When I purchased the orecchiette I recently used in an improvised chili, I had other plans in mind for it. Some of those plans had to do with creating my own Italian sauce using anchovies for flavor. My first attempt, however, ended miserably. Orecchiette's strong suit is sticking to whatever you put on it. When that means having to pick tiny shreds of too-strong-tasting-to-eat-straight anchovy off of practically every noodle, the words "fun to eat" vanish from your vocabulary. I realized that I needed a way to get the flavor of the anchovies into the sauce, while also being able to remove the anchovies themselves.
Then I saw a stainless-steel tea ball at my friendly neighborhood Schnuck's. A lightbulb went on above my head with such an audible "ding" that shoppers five aisles away turned their heads. Or maybe that was my voice yelling "Eureka!"
Today, I gave the tea-ball a spin. First, I gave the orecchiette a head start in a pan of boiling water (since it takes, you know, 11 minutes to cook). Then I opened a can of Red Gold crushed tomato (clearance priced at 75 cents!), added a teaspoon or so of olive oil, a cautious sprinkle each of basil and oregano, and a devil-may-care sprinkle of garlic powder. I filled the tea-ball with drained anchovy fillets and plopped it into the tomato mush, taking care to keep the loose end of the chain outside the pan.

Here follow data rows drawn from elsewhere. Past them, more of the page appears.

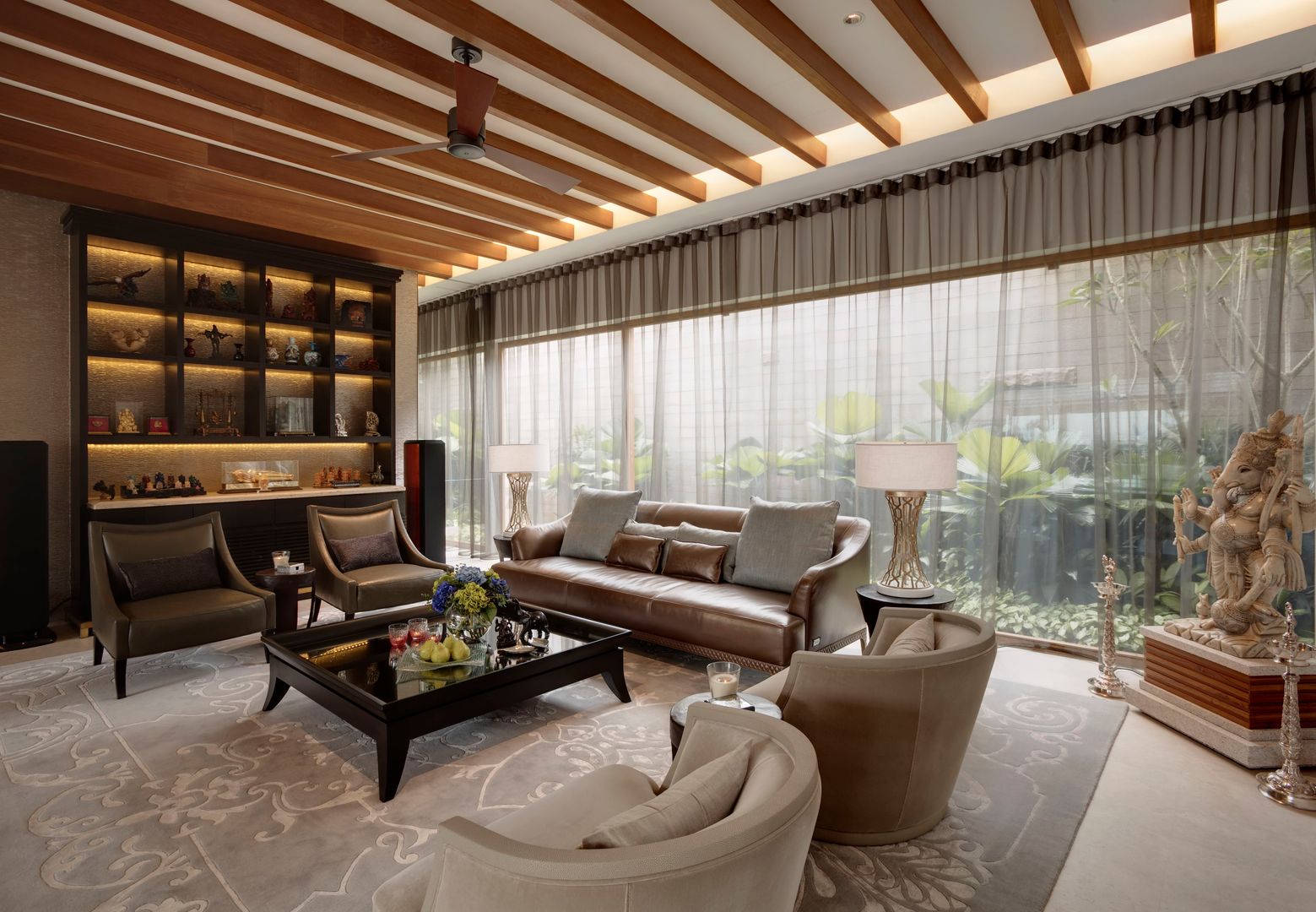 Luxurious Tropical Home, ANSANA ANSANA Гостиная в тропическом стиле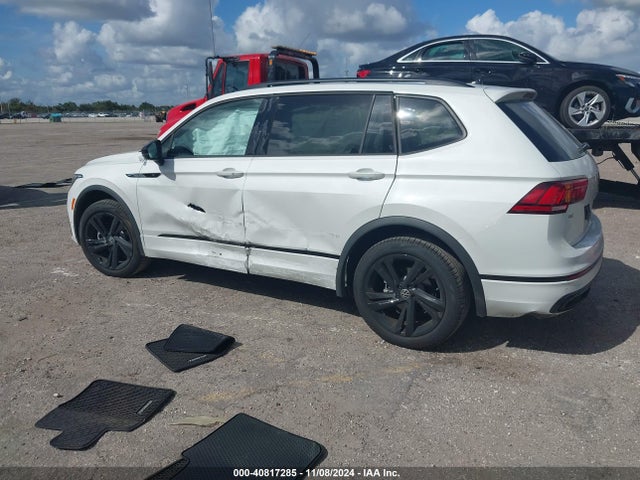 3VVCB7AX0RM149550 Volkswagen Tiguan 2.0t Se R-line Black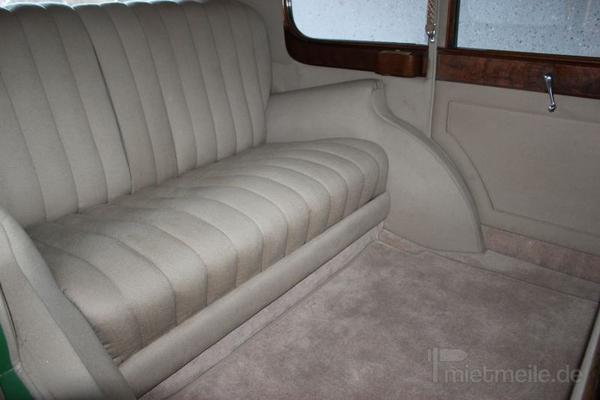 Hochzeitsauto mieten & vermieten - Luxuriöser engl. Daimler von 1934 mit 7-Sitzen in Bernau am Chiemsee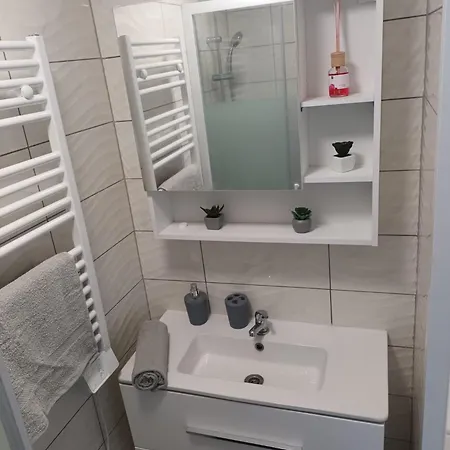 Bel Apparetement 2 Pieces En Centre-ville De Appartement *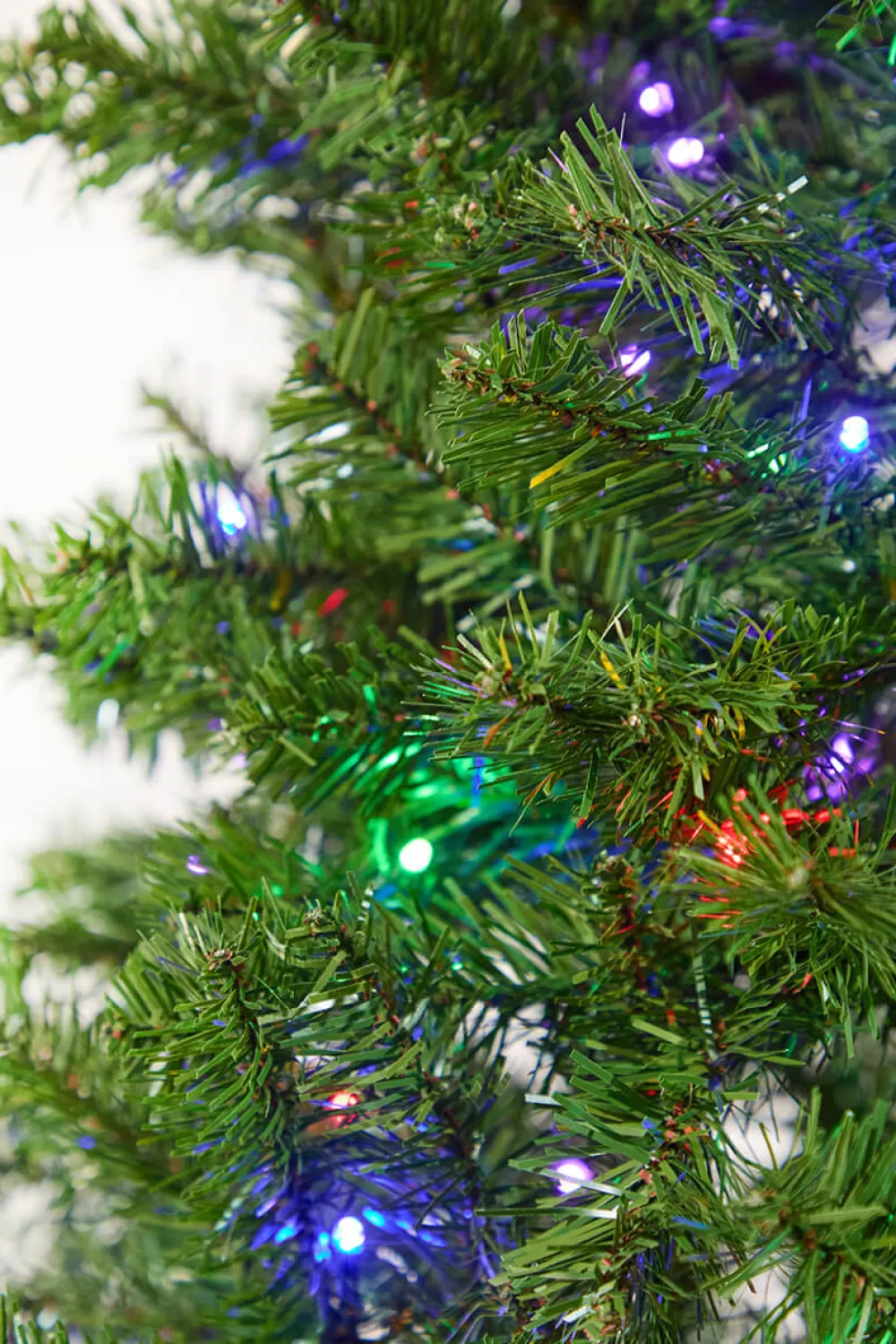 Decorator's Warehouse 7.5' Aspen Pine Artificial Christmas Tree with 400 Color-Changing Lights > Christmas Sale|Green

When the noodles were about halfway cooked, I put the tomato pan over really low heat, and covered it so red juice wouldn't splatter all over a six-foot radius from the stovetop. This was a good thing, because the underside of the lid was soon coated with tomato gunk. I stirred occasionally, doing all that I could to encourage the anchovies to "steep" in the sauce, and turned the flame off when I thought it was hot enough. The noodles still had several minutes of cooking to do, but that's all right. The sauce was still palatably warm when I poured half of it over the noodles, topping the bowl with some grated parmesan.
I was surprised at how nummy it was. I had expected the taste of tomato to overpower everything, but in the event it only added a pleasing tanginess. The seasonings did their job, and I even dare to think the tea-ball experiment was a success. No nasty, overpowering bits of anchovy stole into the sauce; while, on the other hand, the fish definitely added their note to the flavor. I wasn't sure, though; so I cooked another pot of orecchiette (using up the rest of my supply) and gave myself a second opinion. Twice bitten, I won't be shy of trying "anchovy tea" another time.